(To do): Lines from the one containing "Ara 12-27540-14 Sapporo - Navy" to the end of the records, both ends included and exactly as written, are the whole answer, and no pictures go in it.

(Materials provided):
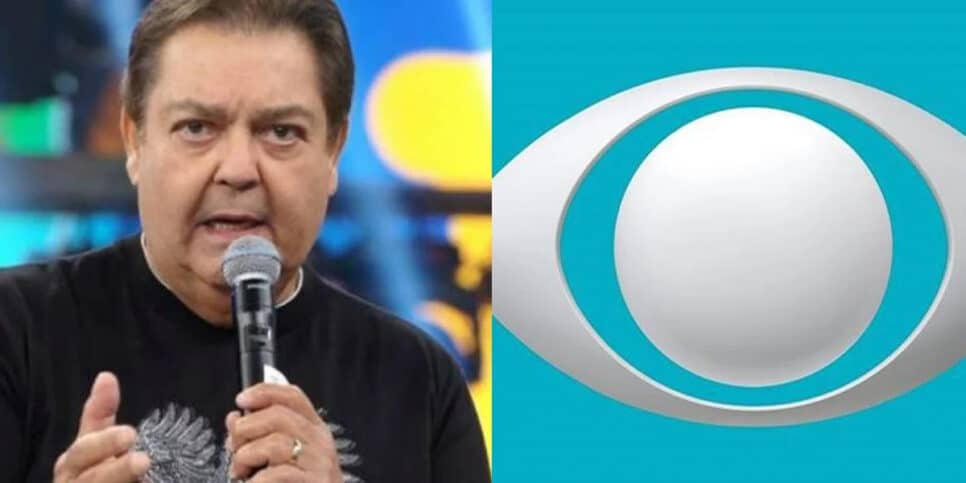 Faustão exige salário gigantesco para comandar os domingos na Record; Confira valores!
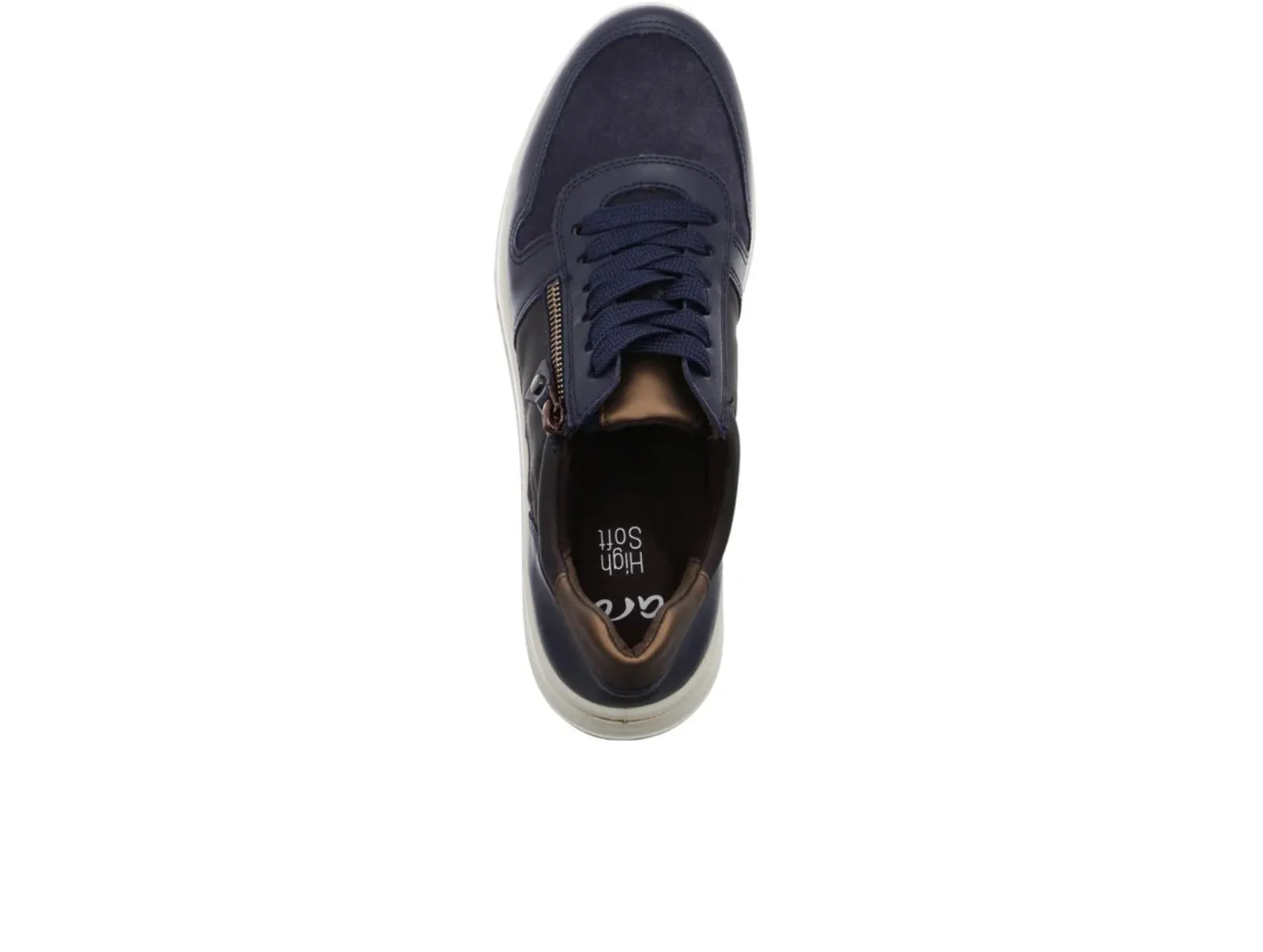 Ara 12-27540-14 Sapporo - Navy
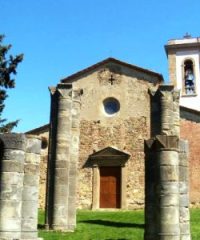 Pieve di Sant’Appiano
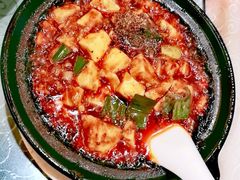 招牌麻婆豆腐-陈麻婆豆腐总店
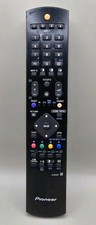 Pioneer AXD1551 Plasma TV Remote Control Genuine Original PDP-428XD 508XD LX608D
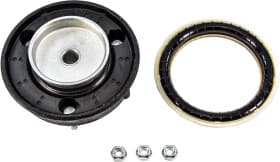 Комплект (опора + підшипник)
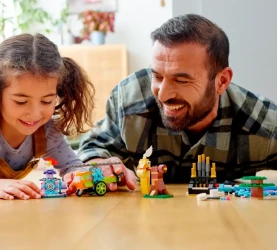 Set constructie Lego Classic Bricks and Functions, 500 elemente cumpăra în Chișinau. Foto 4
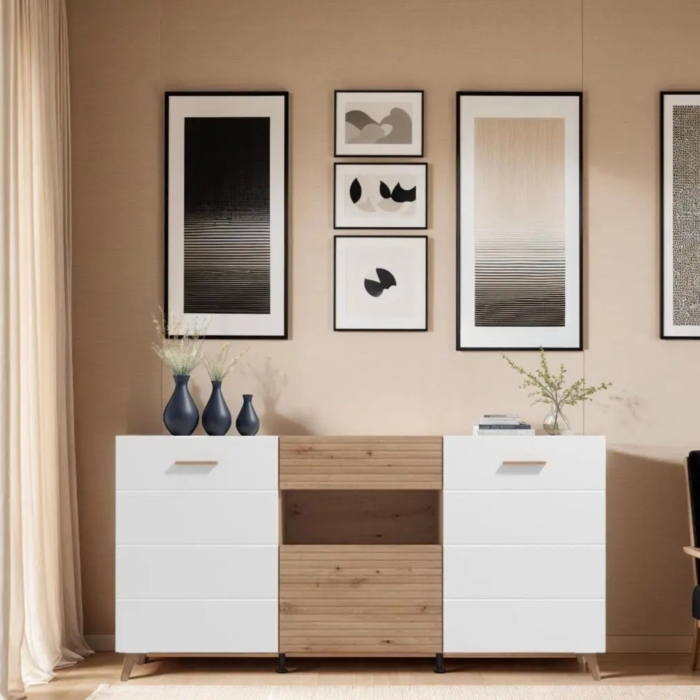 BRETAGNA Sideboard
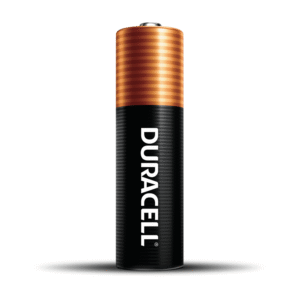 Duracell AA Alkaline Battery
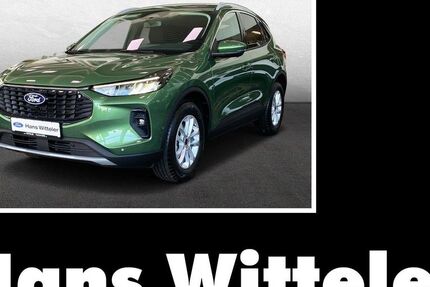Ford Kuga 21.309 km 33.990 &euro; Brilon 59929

(Task output):
 Ara 12-27540-14 Sapporo - Navy
 Pieve di Sant’Appiano
 招牌麻婆豆腐-陈麻婆豆腐总店
 Pioneer AXD1551 Plasma TV Remote Control Genuine Original PDP-428XD 508XD LX608D
 Комплект (опора + підшипник)
 Set constructie Lego Classic Bricks and Functions, 500 elemente cumpăra în Chișinau. Foto 4
 BRETAGNA Sideboard
 Duracell AA Alkaline Battery
Ford Kuga 21.309 km 33.990 &euro; Brilon 59929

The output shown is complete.